Halle

21.6.02026 5 (5)

Beitragsfoto: Halle

Vermischtes

Hat ganz offensichtlich niemand bemerkt, es gibt hier kein Gästebuch mehr. Manche meiner Leser wünschen sich die E-Mail-Benachrichtigungen für neue Blog-Beiträge zurück. Ich habe, da ich diese Menschen sehr nett finde, tatsächlich darüber nochmals nachgedacht. Auch wenn ich noch alle Zutaten dazu habe, reaktiviere ich mein Telefax auch nicht wieder — Sorry!

Was ich aber machen kann ist, den geneigten Lesern eine Schulung im Gebrauch von RSS anzubieten. RSS ist völlig kostenfrei, wenn man kein Profi-Reader nutzen möchte, und hat dazu noch weitere Vorteile, wie z. B. weniger SPAM im Posteingang.

Gestern auf der Heimfahrt konnten wir von weitem beobachten wie schnell Sommersonnwendfeiern eskalieren können — nur einmal mit Profis.

Da ist es schon etwas erfreulicher, dass ein alter Depp ganz offensichtlich mit zu viel Geld seinen sündhaft teuren Boliden gleich selbst gegen die Wand fährt — ohne Personenschaden. Bisher dachte ich immer, dass dies das Privileg einer völlig hirnlosen Jugend sei, die nicht einmal unfallfrei durch die Stadt fahren kann. Wobei, auch bereits zu meiner Jugendzeit gab es doch so einige hirnlose Deppen — und wir werden alle älter. Aber nicht so viele wie heute.

Leistungsträger wandern einfach nicht in Schlaraffenländer ein, das war schon immer so. Nur Schlaraffen fühlen sich unter Schlaraffen wohl.

David Lay Williams schreibt heute in der New York Times über Reichtum und geht dabei auch auf Platon ein; musste ich einfach lesen. Wobei Platons Weltsicht bereits zu seinen eigenen Lebzeiten für unsere Welt doch etwas zu einfach war. Aber er erreicht auch heute damit noch Menschen.

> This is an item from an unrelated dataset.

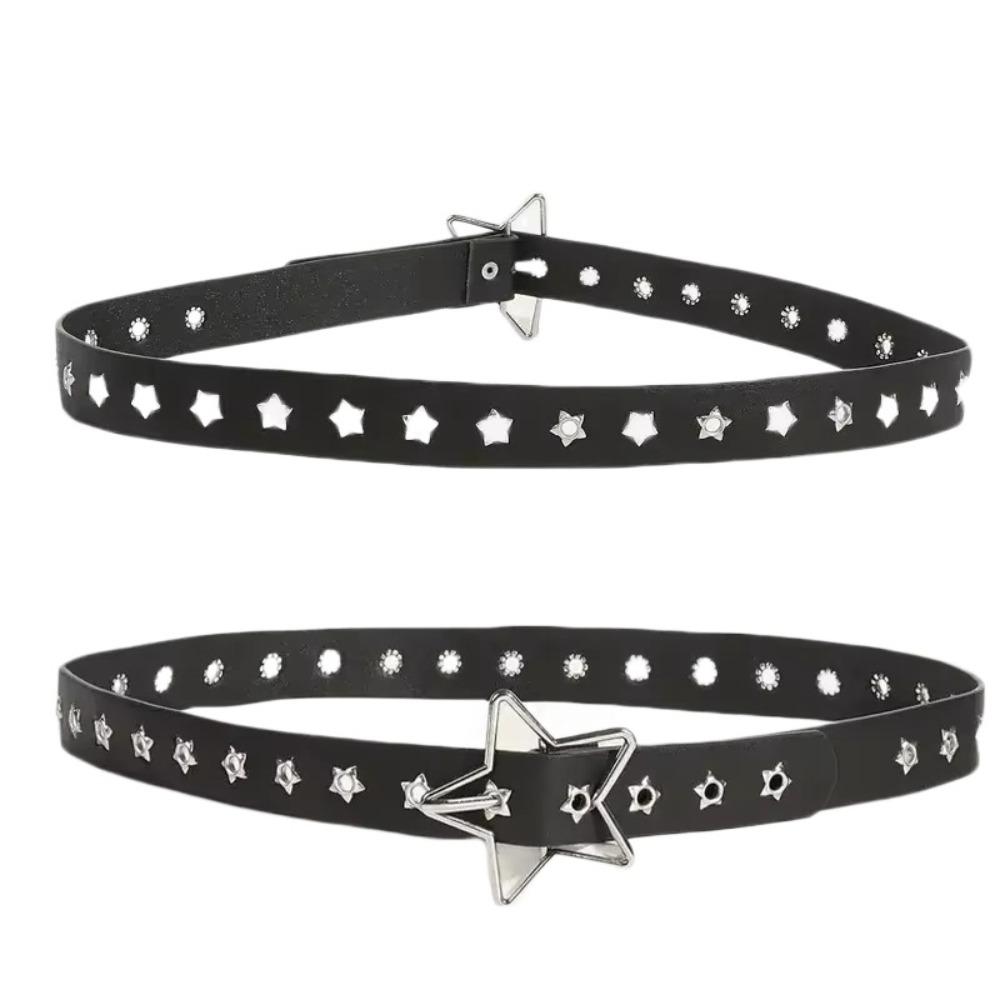 Adjustable Star Waistband PU Leather Women Waist Belt Casual Rivet Belt  Pants Decor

Auch ich sehe dies mit dem Reichtum sehr einfach. Sobald jemand sein Geld nicht mehr sinnvoll oder gar nützlich ausgibt, hat er viel zu viel davon. Das gilt sowohl für Billionäre und Milliardäre wie auch für Bettler. Das sehr große und vielleicht sogar unlösbare Problem dabei ist, wie man dieses zu viele Geld wieder einsammelt. Wir Menschen sind einfach nicht dazu gemacht, um auch nur irgend etwas freiwillig wieder herzugeben. Und je mehr man davon hat, umso schwerer fällt es einem — der Tanz um das goldene Kalb.

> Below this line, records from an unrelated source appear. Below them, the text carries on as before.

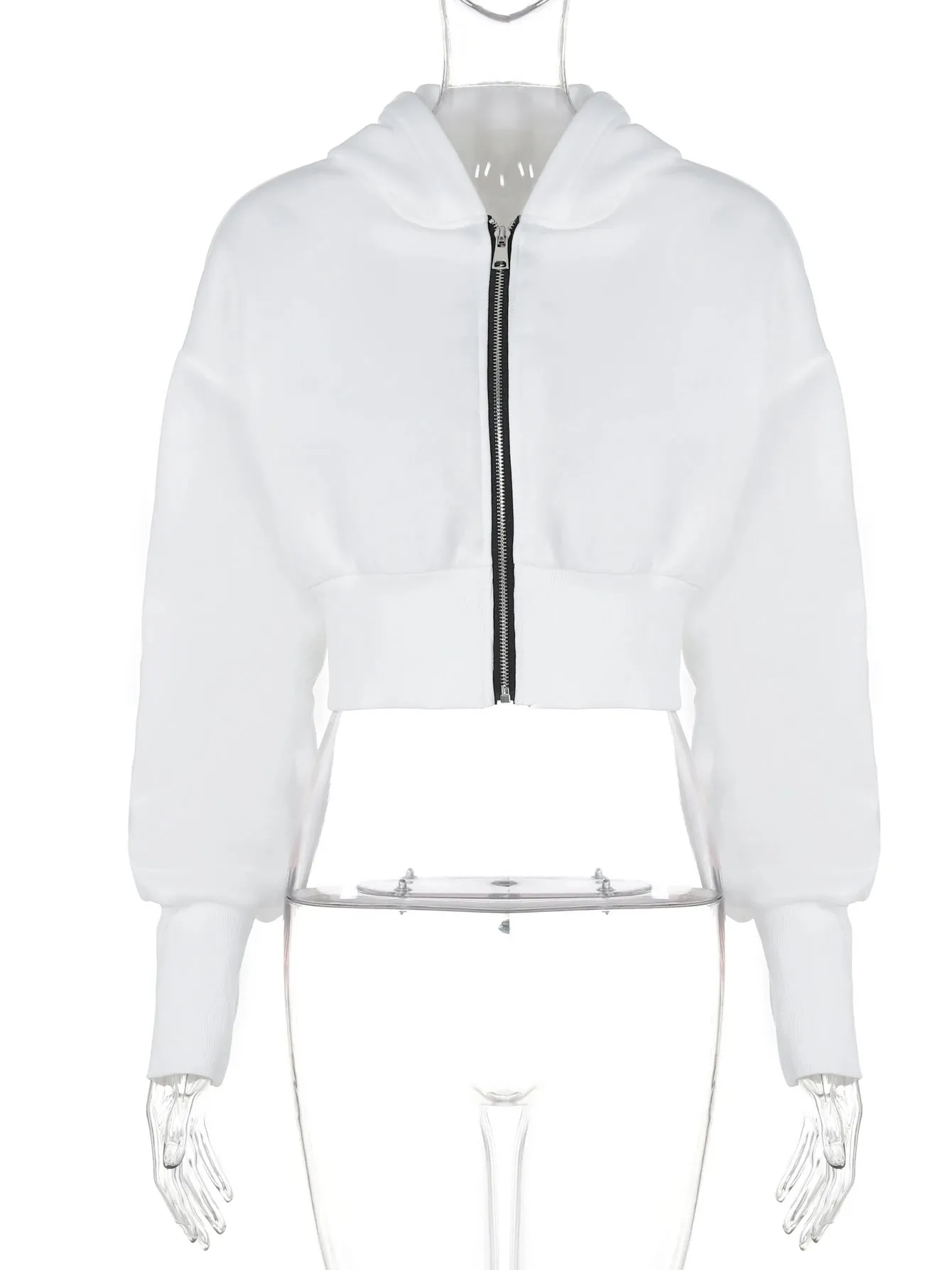 Cropped Zip Up Hoodies for Women - Hooded Zipper Jacket Streetwear Fleece Sweatshirt in White and Black
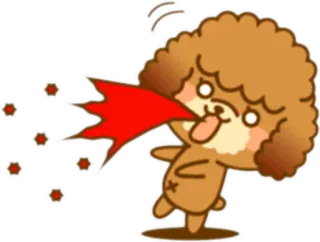 💥 cão, poodle, bonito, bravo, vermelho, desenho animado, sangue telegram sticker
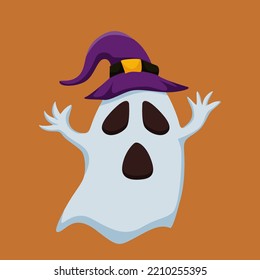 Halloween Ghost with Witch Hat Design Flat Illustration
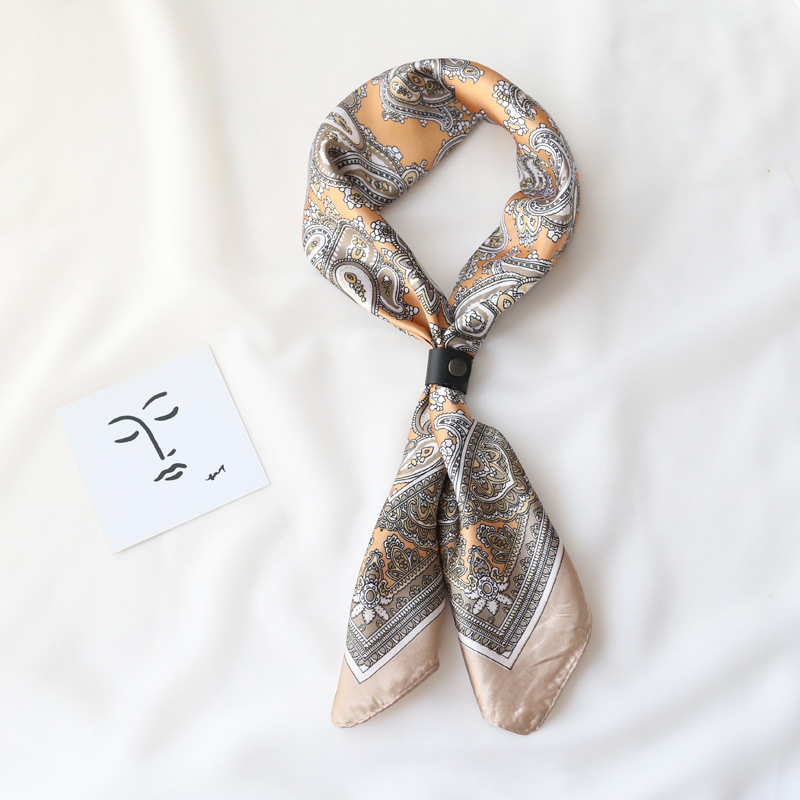 Galvos šalikas, unisex, kvadratinis poliesterio šalikas su šilko imitacija, 2022 m. pavasario leidimas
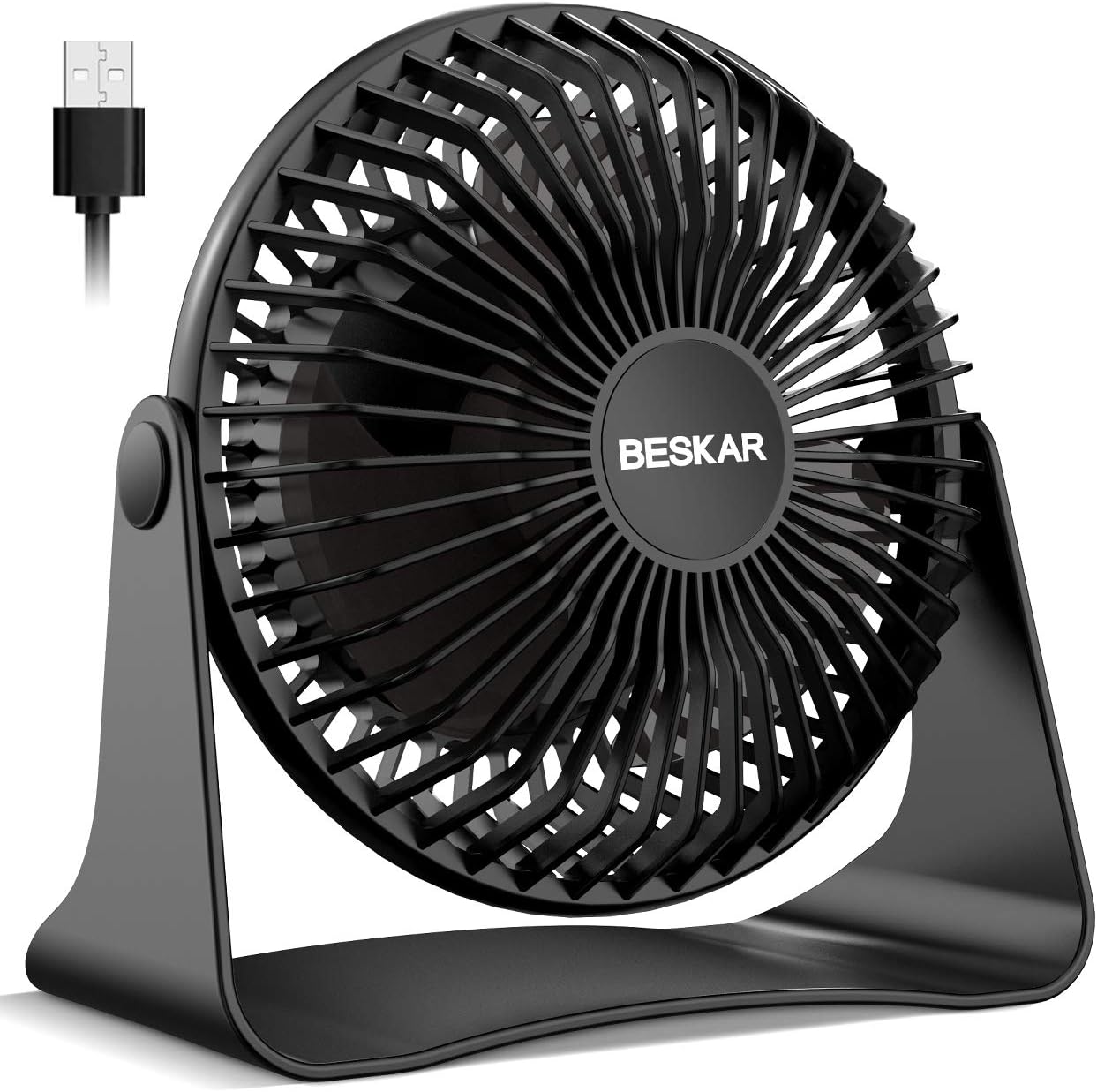 BESKAR USB Small Desk Fan, Portable Table Fans with 3 Speeds Strong Airflow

Das ist alles menschlich und damit nur all zu verständlich. Das wirklich Schlimme dabei ist, wenn jene, die zu viel Geld besitzen, sich dann auch noch als christliche Wohltäter aufspielen. Wer auf Jesus macht, aber in Designerklamotten daherkommt, der lebt schon heute in seiner ganz eigenen Hölle.

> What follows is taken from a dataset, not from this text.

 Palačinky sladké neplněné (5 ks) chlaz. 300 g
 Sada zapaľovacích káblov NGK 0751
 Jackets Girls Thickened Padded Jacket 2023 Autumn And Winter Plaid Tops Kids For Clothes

Gott wird aber auch diesen Menschen vergeben, denn sie haben zwar alles, nur keine Bildung und Kultur. Und so zitiere ich nun völlig falsch aber mit voller Absicht Matthäus 5,3.

Filmnacht

Alleine wegen des Wetters kehrten wir früher als gedacht nach Hause. Und da ich mich weder in Bücher noch ins Internet vertiefen wollte, gab es den „Tod auf dem Nil“. Romane sind nicht so mein Ding, vor allem dann nicht, wenn es sich um gewöhnliche Whodunits handelt. Da hilft dann auch keine Agatha Christie weiter.

Und so begrüße ich die Filmadaptionen besserer Whodunits, vor allem wenn man auch noch eine ganz passable Auswahl erhält — so eine Kombination von Roman und Film schafft Sehenswertes.

Die Romanvorlage stammt aus 1937 und spielt vorwiegend in Ägypten. Ein Meisterdetektiv namens Hercule Poirot löst dabei das anstehende Whodunit. Schnell wurde aus dem Roman ein Theaterstück und inzwischen auch drei ganz passable Filme, was mir erst so richtig Freude bereitet, weil jeder Regisseur dieselbe Geschichte aus seinem eigenen Blickwinkel heraus betrachtet und mir damit im Vergleich der Darbietungen untereinander gute Unterhaltung bietet.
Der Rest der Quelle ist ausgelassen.